• [AIM OF THE EXERCISE]
An exact transcript is required of the lines below, from the one containing "Short-sleeve Cutout-back A-line Dress" through the very last; leave every picture out of it.

• [EXERCISE INPUTS]
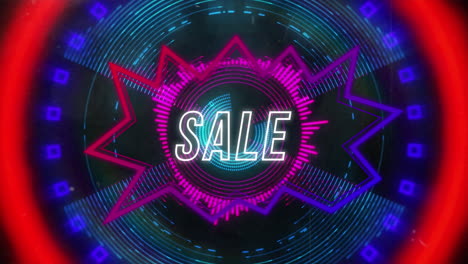animación del texto de venta con formas de neón sobre fondo negro.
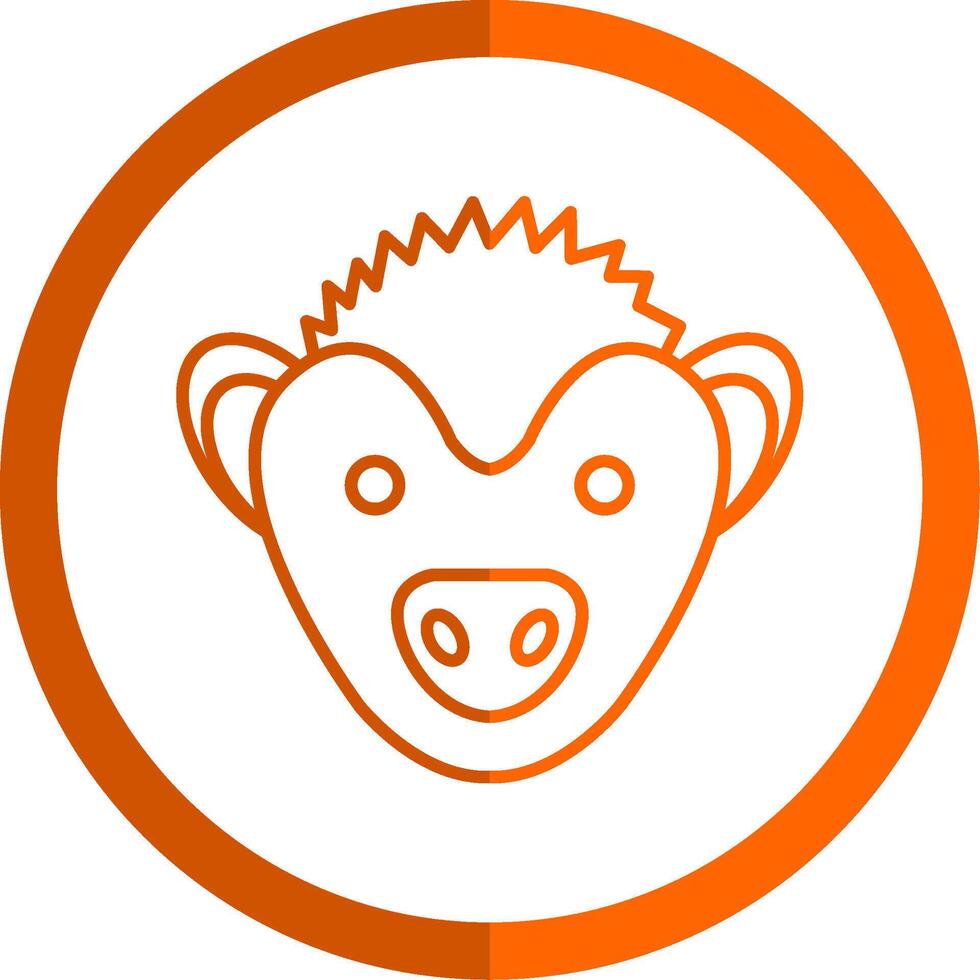 Hedgehog Line Orange Circle Icon vector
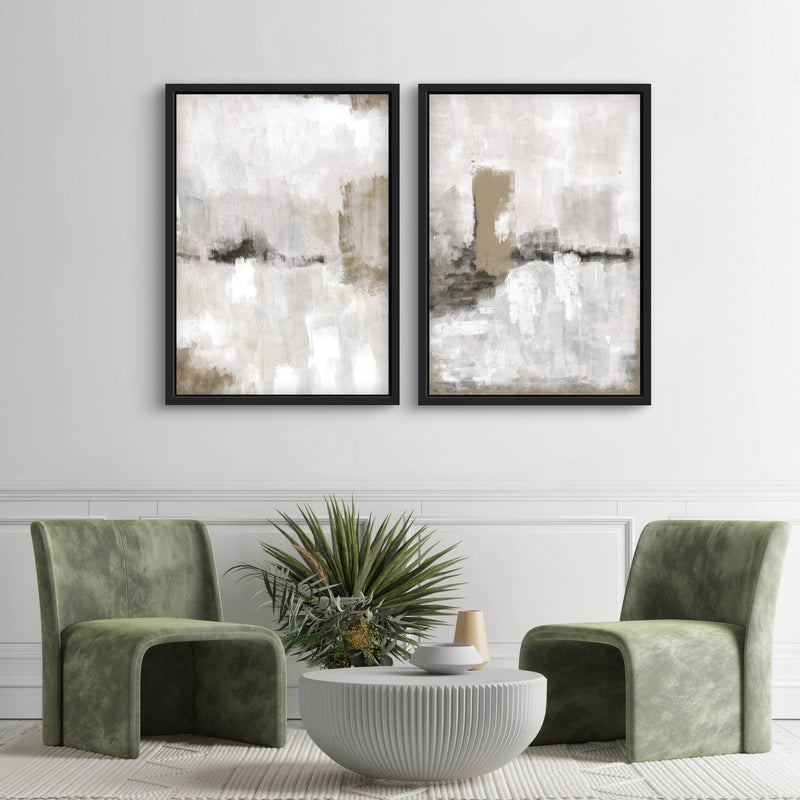 Framed Canvas Set of 2 - Nude & Grey Clouds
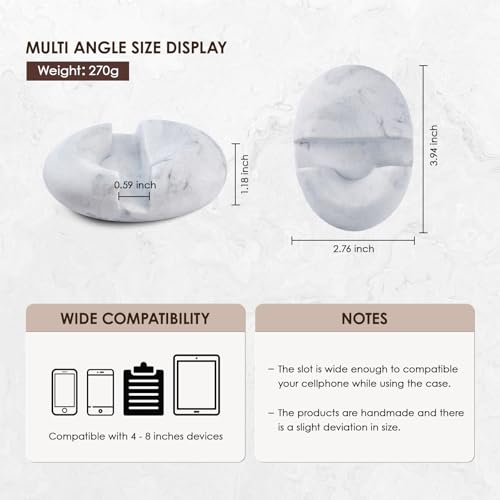 Artificial Marble Cell Phone Stand for Desk Handcraft Pebble Shape Minimalist Decor for Desk Kitchen Counter Office Easy of Use Sturdy and Stable(White) - style: white pebble stone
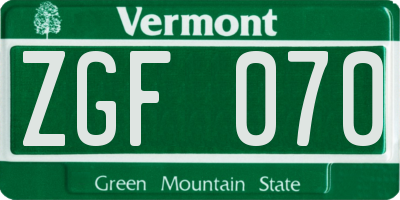 VT license plate ZGF070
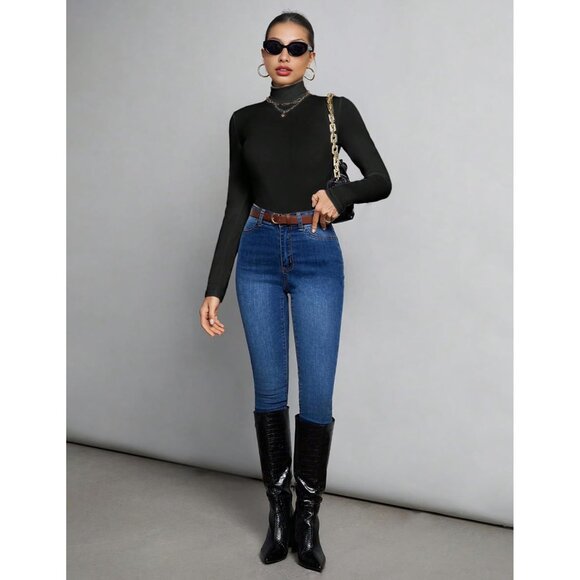 ⚡3 Pack Women’s Mock Turtleneck Tops Long Sleeve Slim Fit Thermal Shirt - Picture 4 of 5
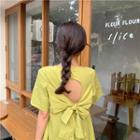 Short-sleeve Cutout-back A-line Dress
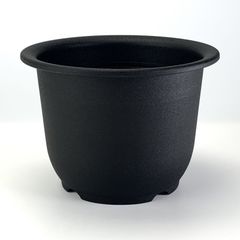 プラ鉢 5号 縁あり丸鉢 ブラック 5DAX 幅15.3cm×高さ10.8cm 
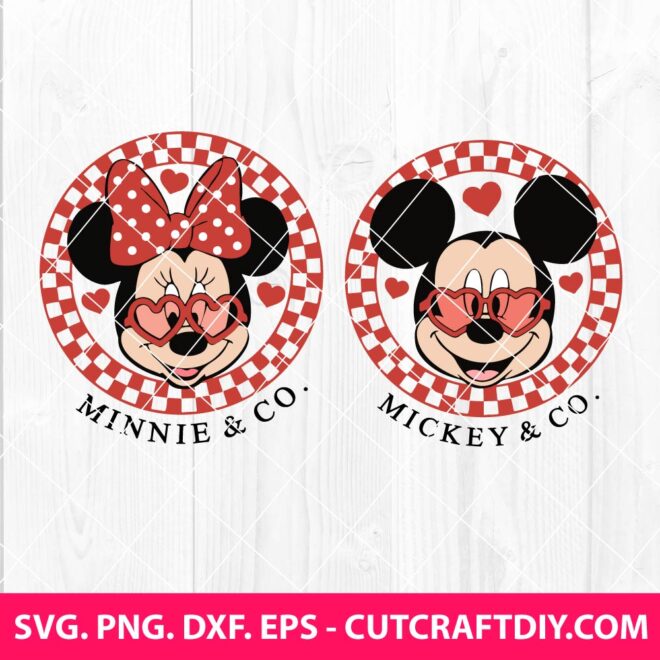 Checkered Mickey and Minnie Mouse SVG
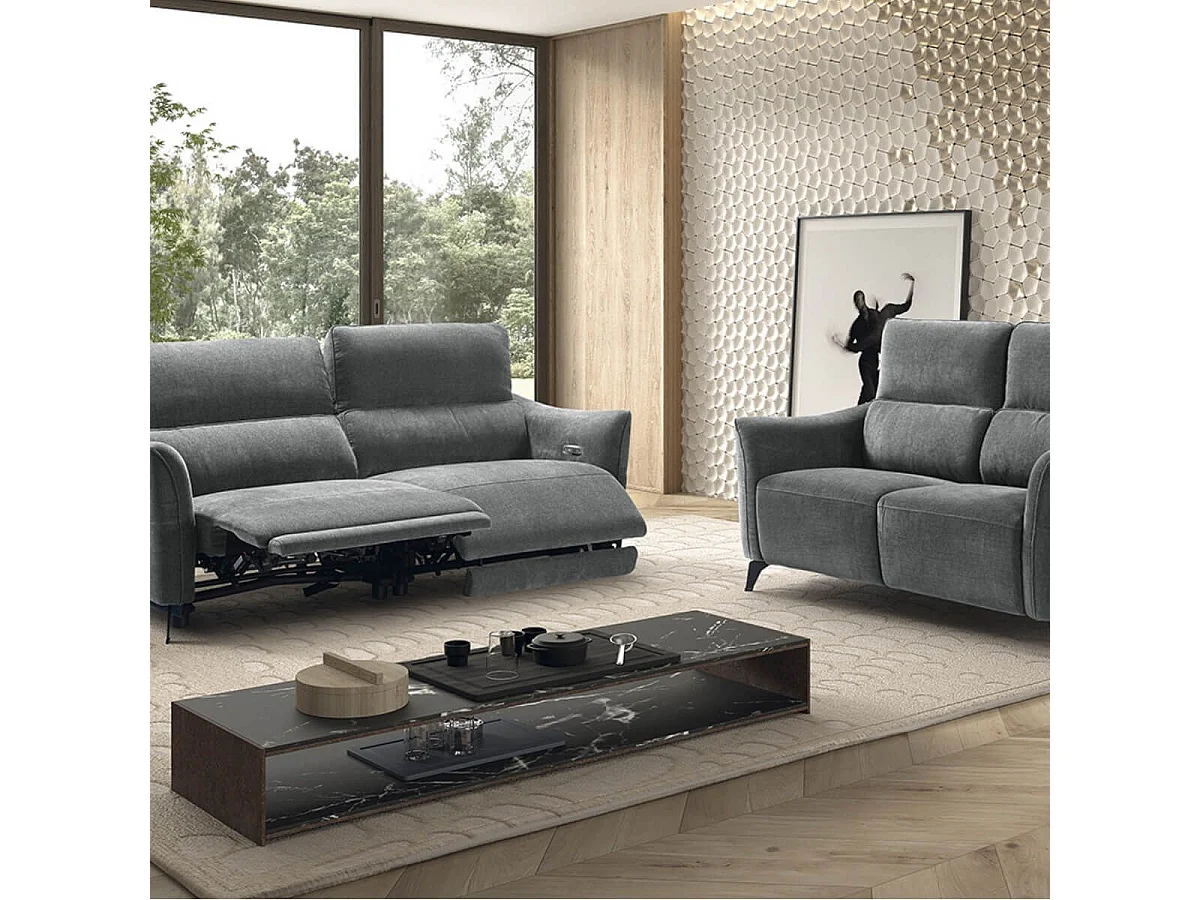 Ensemble Canapé relax électrique + canapé fixe tissu Waterproof Gris - BURGOS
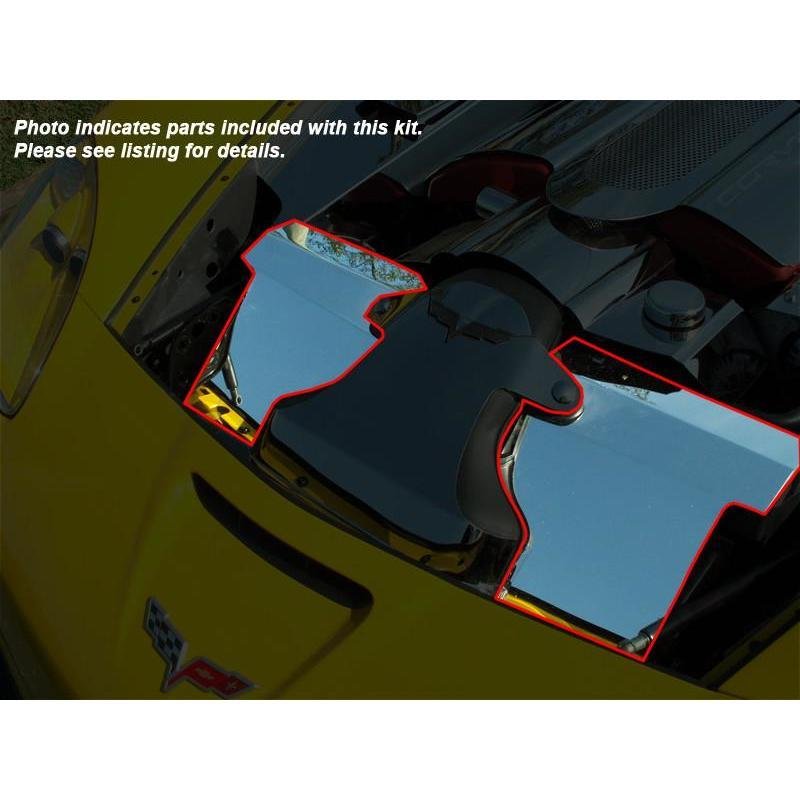 C6 Corvette Radiator Cover Component - Polished Stainless : 2006-13 Z06 LS7-SR1 Performance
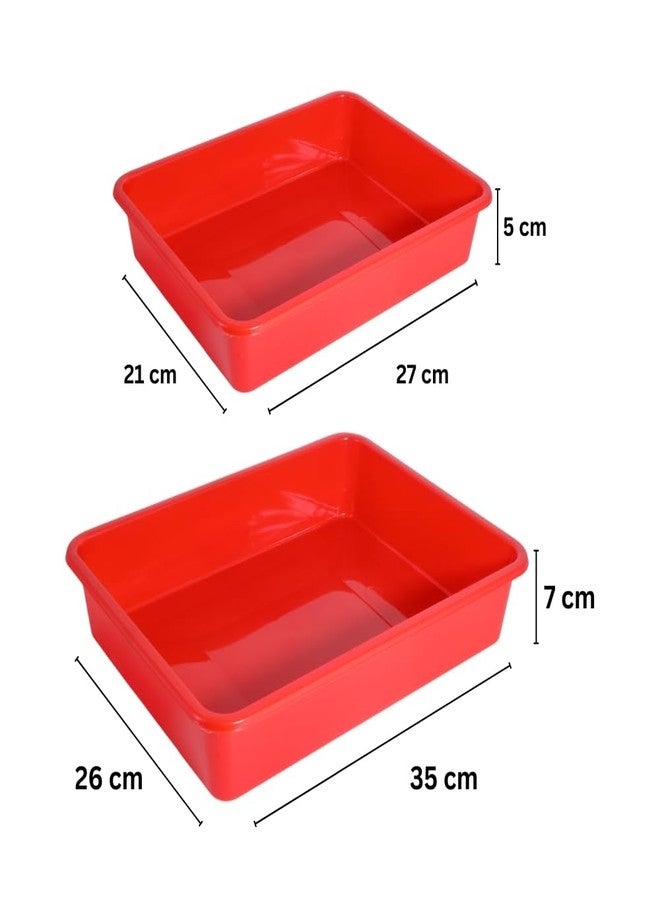 Morvi Nexa Small-Med Multipurpose Stackable Rectangular Durable Plastic Storage Tray Set| Home,Kitchen,Office,School,Commercial,Industry,Lab,Hospital,Paper,Desk Organiser|Set of 2 | Black White - Image 2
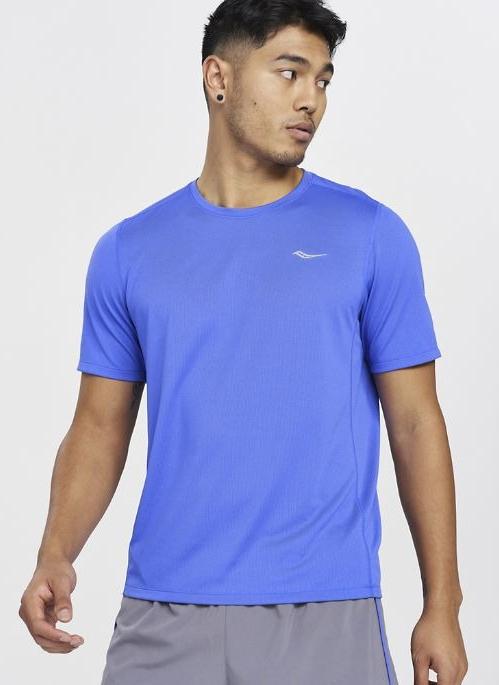 

Футболка мужская Saucony Stopwatch Short Sleeve голубая XL, Stopwatch Short Sleeve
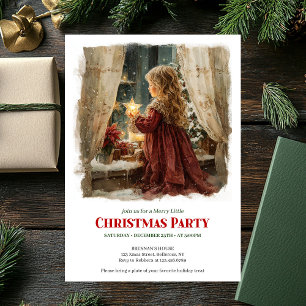 Whimsical Victorian Little Girl Awaiting Santa Invitation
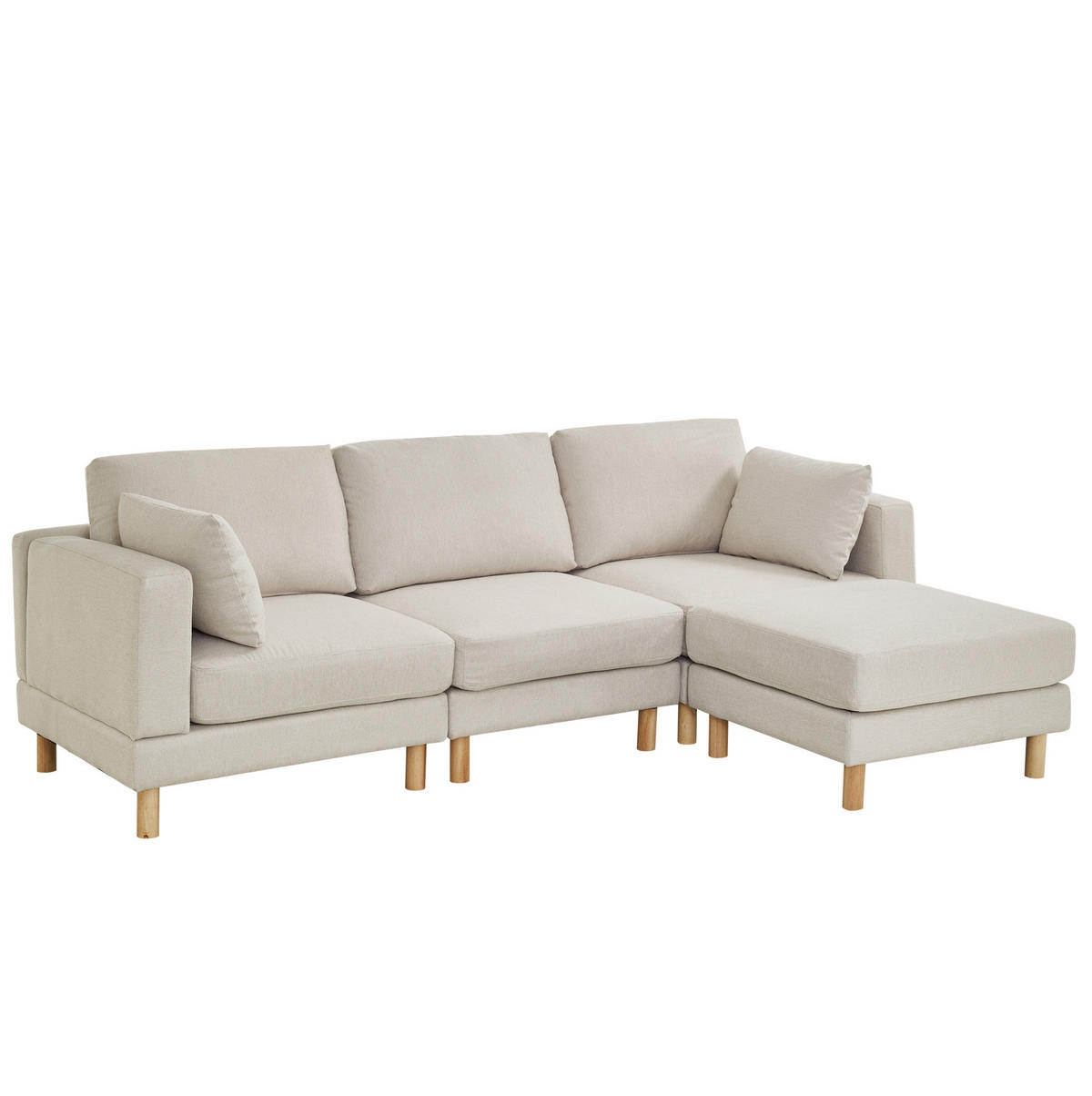 ECKSOFA 235/152/78 cm beige aus Polyester mit Hocker - Beige, Kunststoff (152/235cm) - OKWISH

• [REPLY TO THE TASK]
 Short-sleeve Cutout-back A-line Dress
 プラ鉢 5号 縁あり丸鉢 ブラック 5DAX 幅15.3cm×高さ10.8cm 
 Checkered Mickey and Minnie Mouse SVG
 Ensemble Canapé relax électrique + canapé fixe tissu Waterproof Gris - BURGOS
 C6 Corvette Radiator Cover Component - Polished Stainless : 2006-13 Z06 LS7-SR1 Performance
 Morvi Nexa Small-Med Multipurpose Stackable Rectangular Durable Plastic Storage Tray Set| Home,Kitchen,Office,School,Commercial,Industry,Lab,Hospital,Paper,Desk Organiser|Set of 2 | Black White - Image 2

Футболка мужская Saucony Stopwatch Short Sleeve голубая XL, Stopwatch Short Sleeve
 Whimsical Victorian Little Girl Awaiting Santa Invitation
 ECKSOFA 235/152/78 cm beige aus Polyester mit Hocker - Beige, Kunststoff (152/235cm) - OKWISH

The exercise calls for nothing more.